I don’t believe this account of our “moral faculty" is accurate. Rawls speaks of our freedom -- the innate need to move unimpeded and, thereby, to do what is necessary to survive and promote our well being –- and the need to restrict that freedom when it impedes the freedom of others to do the same. While there's a moral logic involved here (that we must respect the freedom of others if we are to enjoy our own freedom), others see an opposing logic that says they do not have to restrict their freedom out of deference to others if they are able to manipulate, deceive (ironically, operating under a “veil of ignorance”). Both approaches work in terms of evolutionary survival and this might explain what we see throughout our history – the twin poles of behavior and everything in between.
The description above is, in a sense, a utilitarian calculus, with some opting for fairness and others opting for more self-oriented actions. The former approach is buttressed in many individuals by the innate sense of fairness and benevolence that Hauser states is Rawls’ position. But rather than making this a universal characteristic of human nature, it could be a subset that applies to some individuals more than others, though even this sense of fairness and benevolence may not extend to humanity as such but only to our “tribe.”
Hauser extensively cites this study and that study and it’s easy to get lost and overwhelmed and to lose the main current of his argument.
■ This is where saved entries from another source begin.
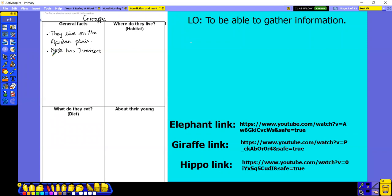I'm going to put a little note to myself as well, because humans also have seven vertebrae in their neck. Just in case you don't know what vertebrae are — they are the neck bones. We have seven bones in our neck, and a giraffe also has seven bones in its neck. But the giraffe's ones, as you'll see on the video link, are really, really big, whereas ours are quite small.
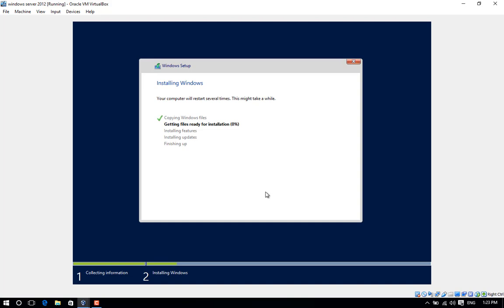It will then start copying files. This will take a while, could be 20 minutes or so depending on hardware performance.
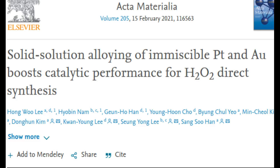Hydrogen peroxide is used as a disinfectant after dilution in water to treat wounds. It is also widely used across industry as an eco-friendly oxidizing agent for impurity removal from semiconductors, waste treatment, and more.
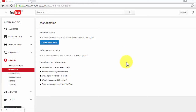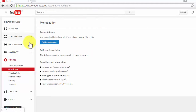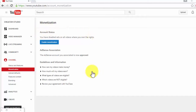Nah kalau sudah setting seperti tadi, kita tinggal klik enable monetization. Tinggal kita menunggu hasilnya saja, karena ini adalah akun masa depan saya yang belum terawat sama sekali, maka akan saya kosongkan atau disable terlebih dahulu.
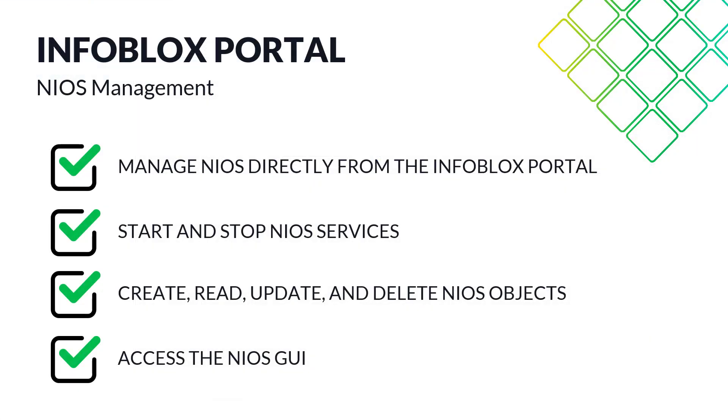With this feature, the Infoblox portal is now your convenient one-stop shop for DDI management across all distributed environments, including NIOS.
I also believe he misreads Piaget. After making a gratuitous comment (if Piaget had “only read Aristotle”), Hauser states that Piaget failed to explain how children move through the stages of moral development. Piaget it seems to me is clear enough on that point. As the child develops, physically, it is also encountering the “shocks and opposition” (Piaget’s words) from the world that force the child to progressively de-center and to view itself necessarily as part of a larger environment that it must accommodate. Ultimately, and theoretically, this ends in the abstract fourth stage where a young adult has the capacity to transcend the here and now and think in universal, moral terms (i.e., a Kantian like hypothetical imperative – that states that it is in one’s interest to respect the other as an end; or a golden-rule type principle in all of its variations). However, this presupposes a motivation to want to follow such a standard. If that motivation is absent, the standard means nothing. Hauser presumes that such a motivation is universal (from the “moral organ” or “moral faculty”), but it is more likely that humans vary in their predominant, overall motivation between the twin poles of egocentrism and other-regarding behavior.